--- INFORMATION SHOWN Enclosed Below ---

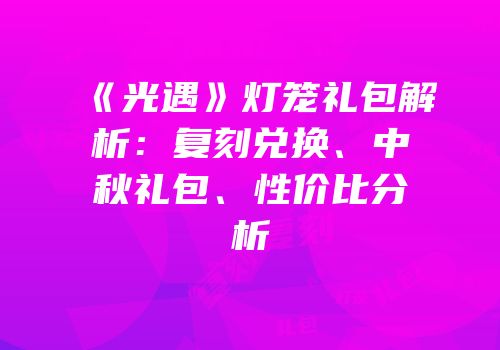 《光遇》灯笼礼包解析：复刻兑换、中秋礼包、性价比分析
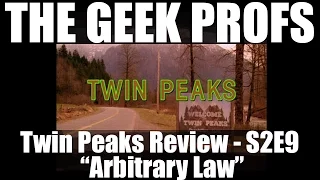 The Geek Profs: Review of Twin Peaks S2E9 "Arbitrary Law"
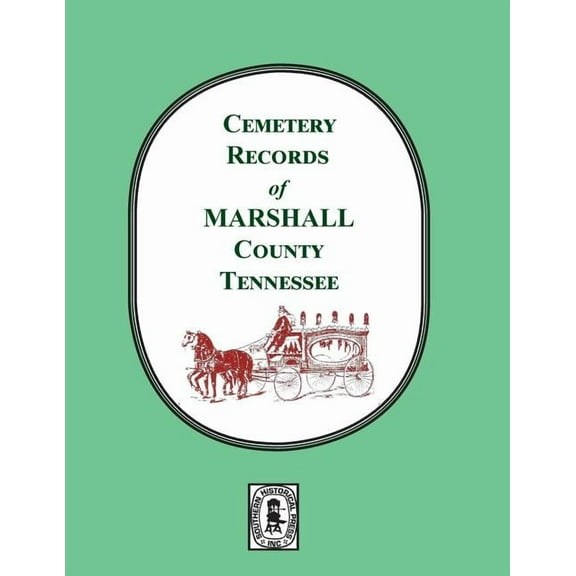 Cemetery Records of Marshall County, Tennessee (Paperback)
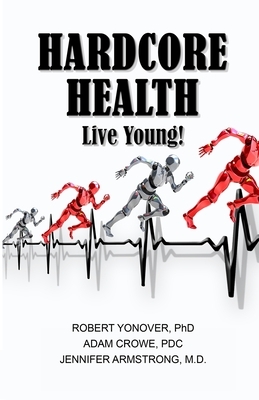 Hardcore Health: Live Young! by Jennifer Armstrong, Robert Yonover, Adam Crowe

--- End of Enclosed INFORMATION SHOWN ---

## WHAT THE TASK REQUIRES:
Copy exactly the lines from the line that holds "Cemetery Records of" to the end of the listing, both included. Leave the pictures out.

## ANSWER TO THIS PROBLEM:
 Cemetery Records of Marshall County, Tennessee (Paperback)
 Hardcore Health: Live Young! by Jennifer Armstrong, Robert Yonover, Adam Crowe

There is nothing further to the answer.